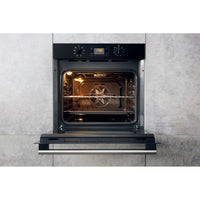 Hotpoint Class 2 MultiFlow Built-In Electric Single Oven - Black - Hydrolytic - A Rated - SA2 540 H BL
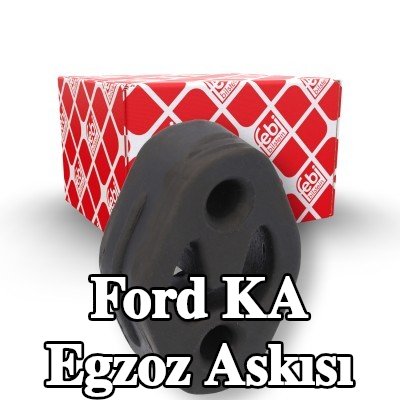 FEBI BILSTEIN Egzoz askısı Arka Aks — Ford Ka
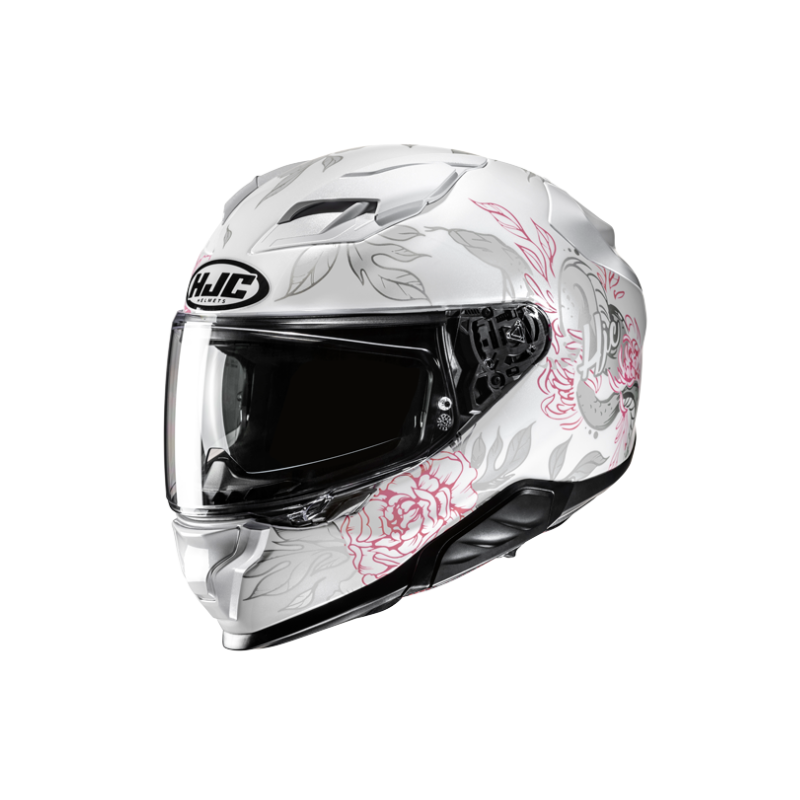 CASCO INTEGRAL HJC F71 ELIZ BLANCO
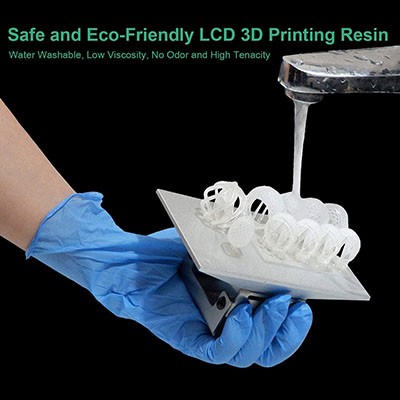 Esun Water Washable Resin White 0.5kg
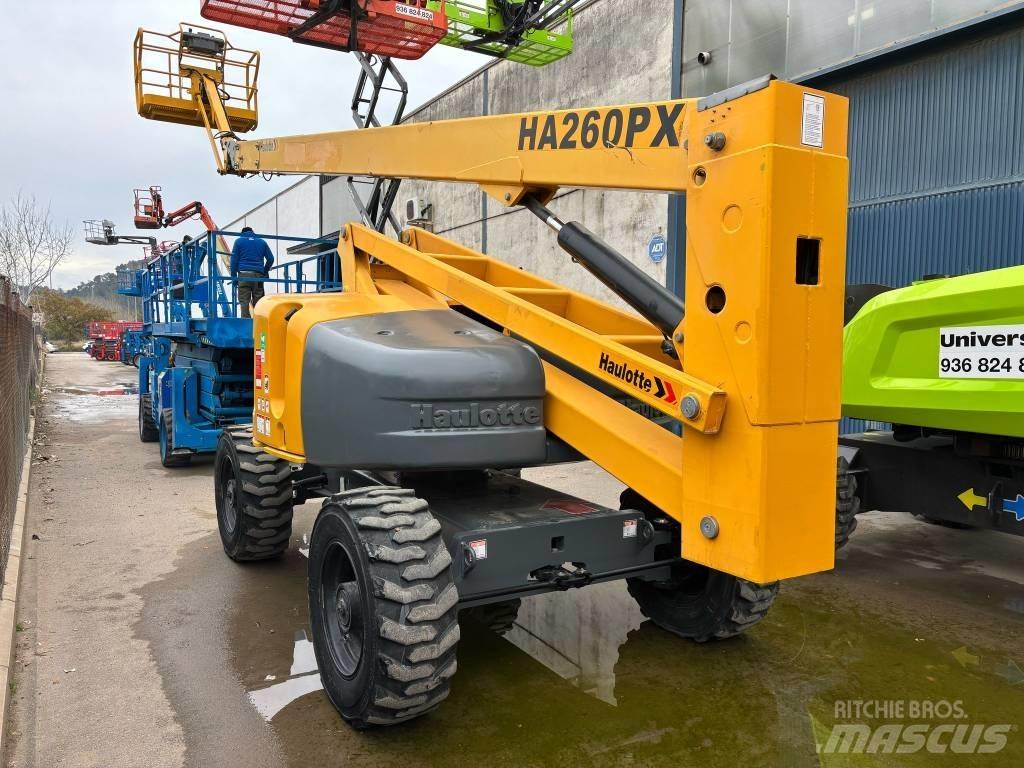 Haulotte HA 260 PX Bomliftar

______________________________

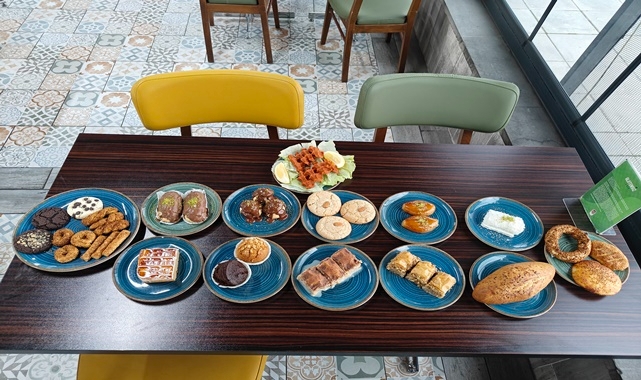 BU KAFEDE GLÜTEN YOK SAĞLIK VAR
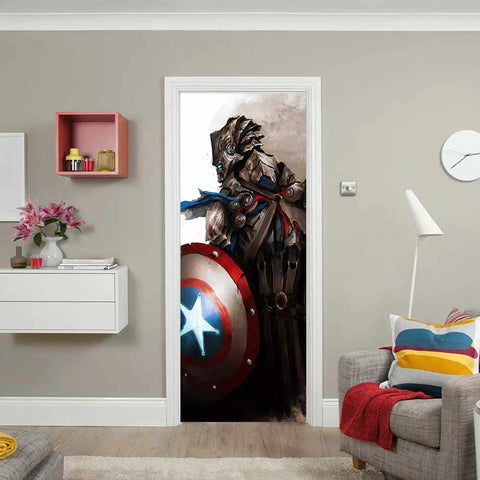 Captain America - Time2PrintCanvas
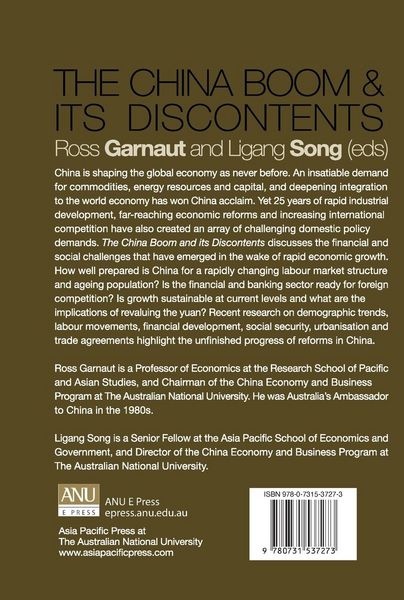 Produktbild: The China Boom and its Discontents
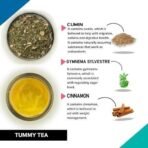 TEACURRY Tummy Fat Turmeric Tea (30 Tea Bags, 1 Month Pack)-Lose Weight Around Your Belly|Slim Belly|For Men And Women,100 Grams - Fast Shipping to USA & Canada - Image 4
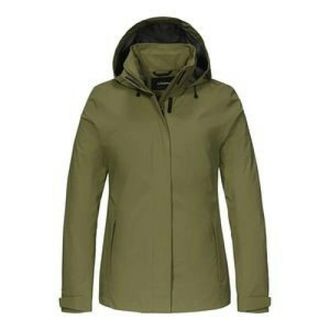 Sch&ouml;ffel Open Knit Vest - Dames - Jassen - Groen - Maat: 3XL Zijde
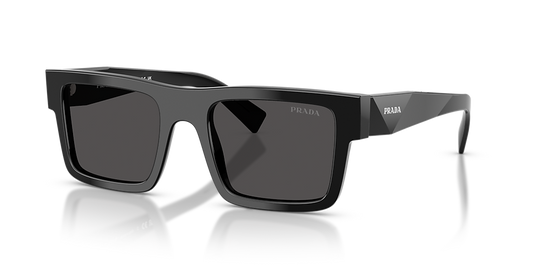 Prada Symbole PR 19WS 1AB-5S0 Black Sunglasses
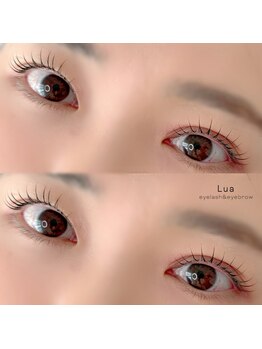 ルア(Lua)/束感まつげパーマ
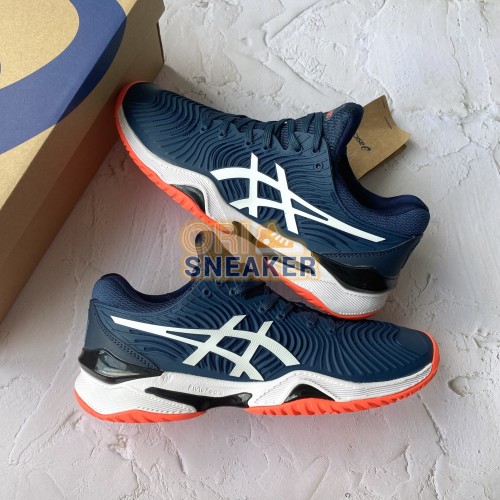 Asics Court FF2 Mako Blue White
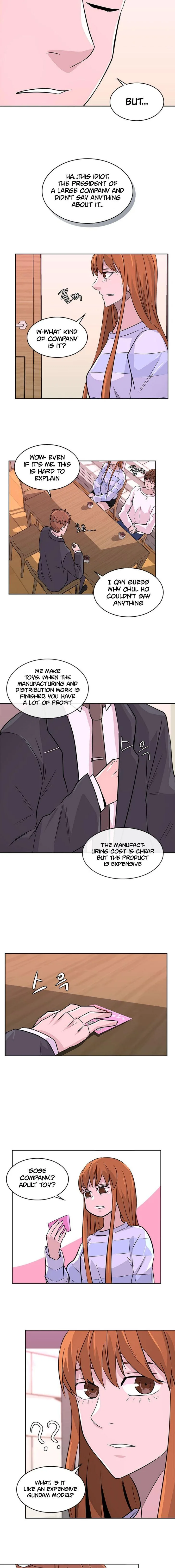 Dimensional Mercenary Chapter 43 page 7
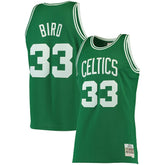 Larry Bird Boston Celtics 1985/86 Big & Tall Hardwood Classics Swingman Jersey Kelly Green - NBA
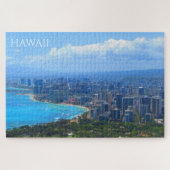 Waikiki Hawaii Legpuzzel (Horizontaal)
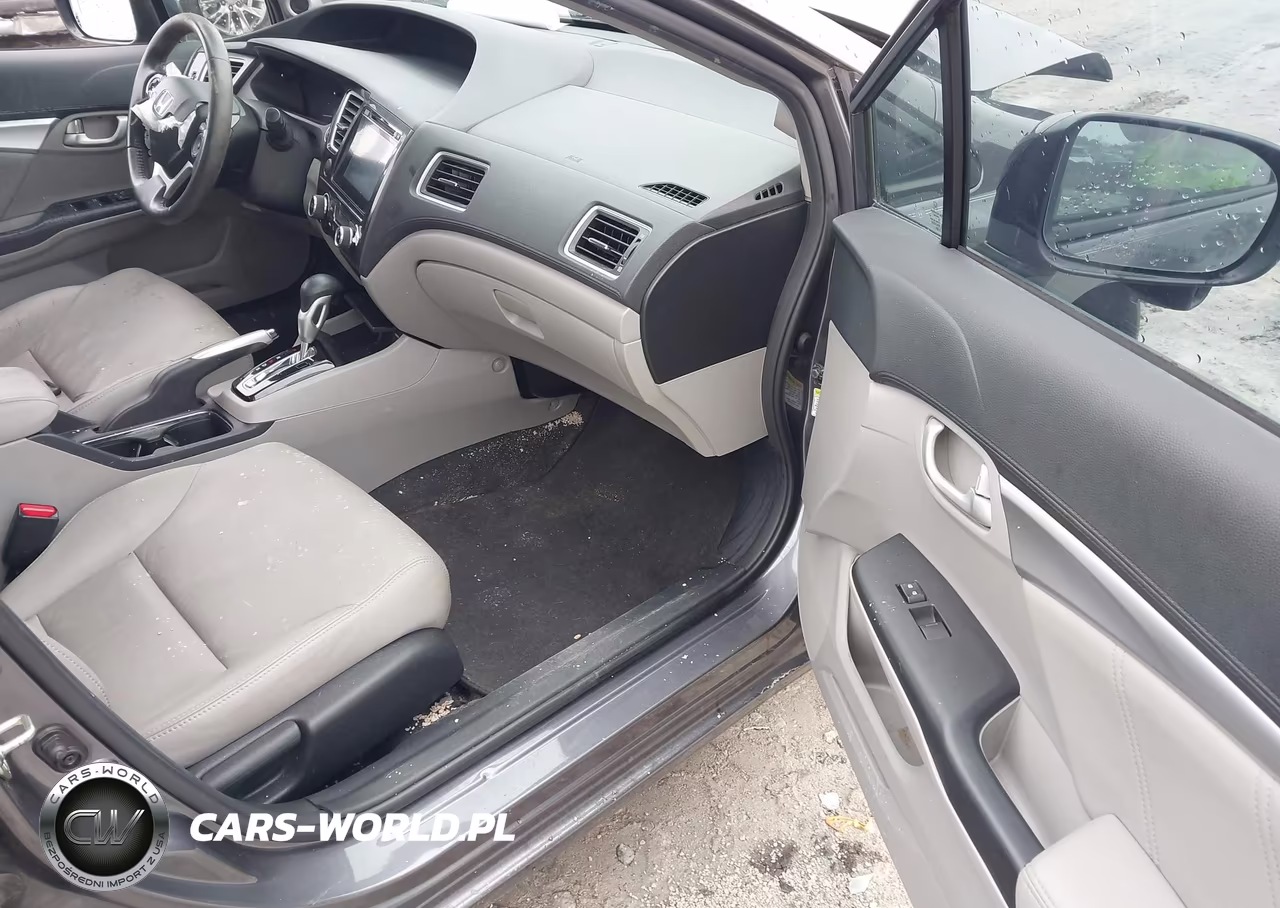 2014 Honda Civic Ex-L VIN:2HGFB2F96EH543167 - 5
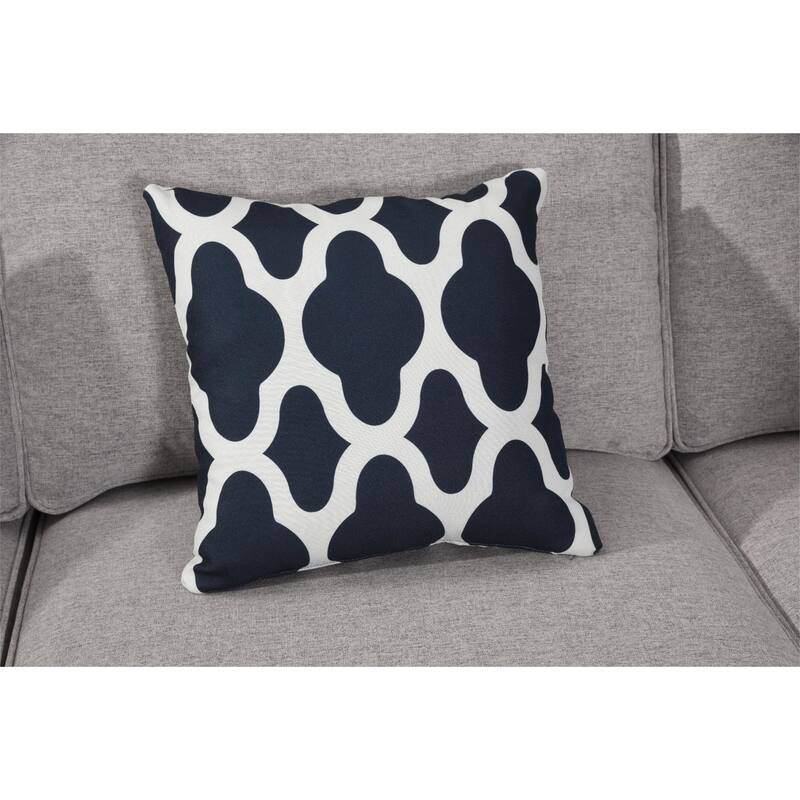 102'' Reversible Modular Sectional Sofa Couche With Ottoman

______________________________

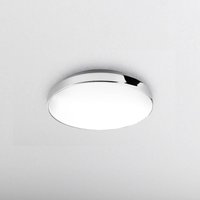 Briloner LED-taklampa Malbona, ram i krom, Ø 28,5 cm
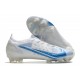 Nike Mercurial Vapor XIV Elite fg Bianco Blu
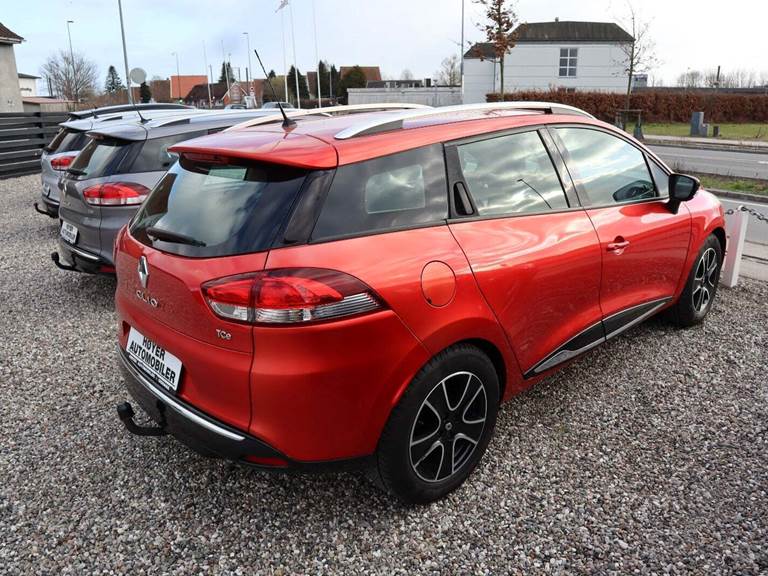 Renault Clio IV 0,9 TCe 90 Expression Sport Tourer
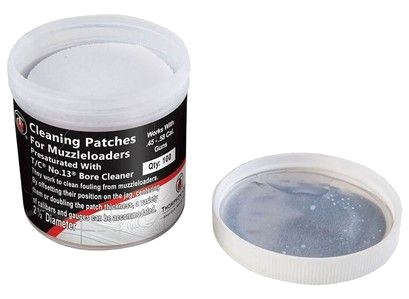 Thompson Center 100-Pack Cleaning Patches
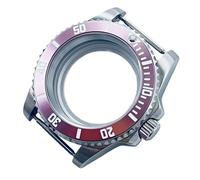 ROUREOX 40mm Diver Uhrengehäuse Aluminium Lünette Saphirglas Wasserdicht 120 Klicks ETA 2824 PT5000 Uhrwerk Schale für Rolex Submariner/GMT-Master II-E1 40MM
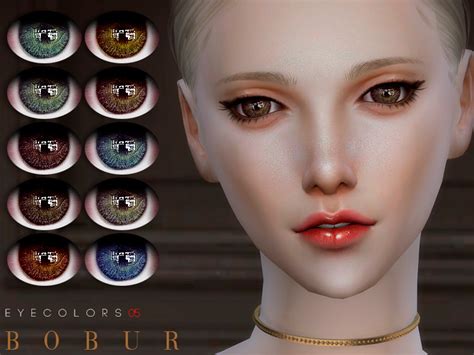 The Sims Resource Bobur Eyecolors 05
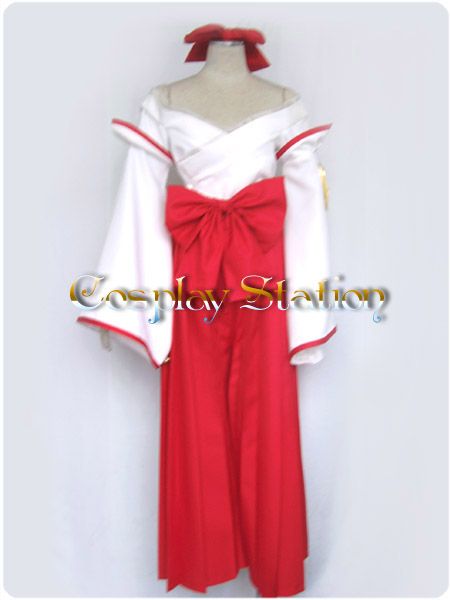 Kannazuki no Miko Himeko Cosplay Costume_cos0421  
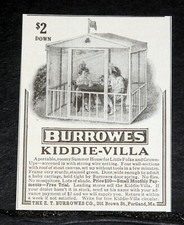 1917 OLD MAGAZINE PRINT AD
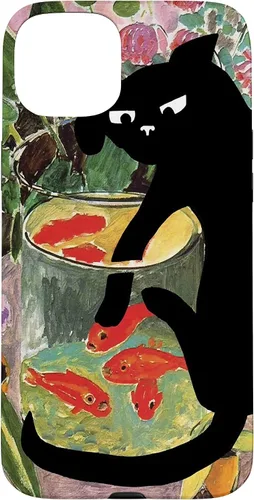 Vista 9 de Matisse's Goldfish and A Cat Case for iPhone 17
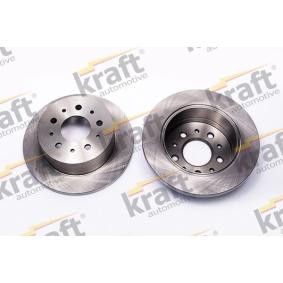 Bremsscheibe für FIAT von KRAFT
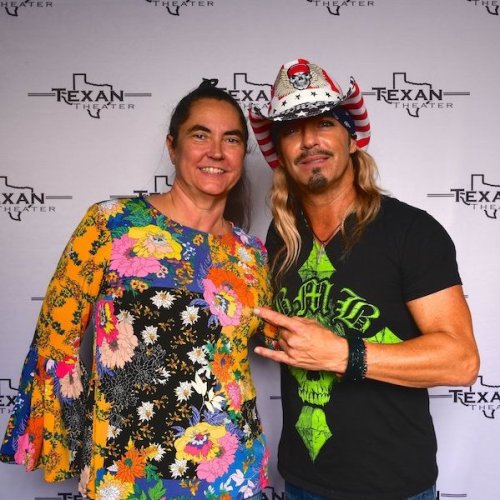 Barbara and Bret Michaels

______________________________

Each line from the one that contains "CASCO INTEGRAL HJC F71 ELIZ BLANCO" down to the one that contains "Haulotte HA 260 PX Bomliftar" is to be returned exactly as it stands above, both ends included, with pictures removed.

Solved problem –
 CASCO INTEGRAL HJC F71 ELIZ BLANCO
 Esun Water Washable Resin White 0.5kg
 Haulotte HA 260 PX Bomliftar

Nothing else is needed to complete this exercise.